> _Data supplied_
=== Begin Enclosure ===
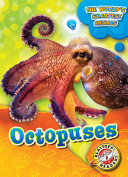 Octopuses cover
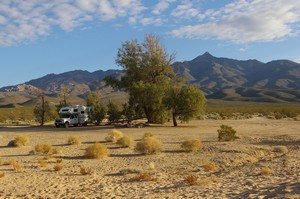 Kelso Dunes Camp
=== End Enclosure ===
=== Begin Enclosure ===
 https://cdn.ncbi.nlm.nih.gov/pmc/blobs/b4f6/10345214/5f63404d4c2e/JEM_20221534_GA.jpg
=== End Enclosure ===
=== Begin Enclosure ===
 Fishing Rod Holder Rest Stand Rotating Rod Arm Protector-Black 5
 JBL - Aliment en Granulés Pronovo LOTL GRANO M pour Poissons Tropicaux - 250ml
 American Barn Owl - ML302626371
=== End Enclosure ===
Produce only the lines from the line containing "Fishing Rod Holder" through the line containing "American Barn Owl - ML302626371", inclusive of both, exactly as they stand in the entries above.

> _Result of this task_
 Fishing Rod Holder Rest Stand Rotating Rod Arm Protector-Black 5
 JBL - Aliment en Granulés Pronovo LOTL GRANO M pour Poissons Tropicaux - 250ml
 American Barn Owl - ML302626371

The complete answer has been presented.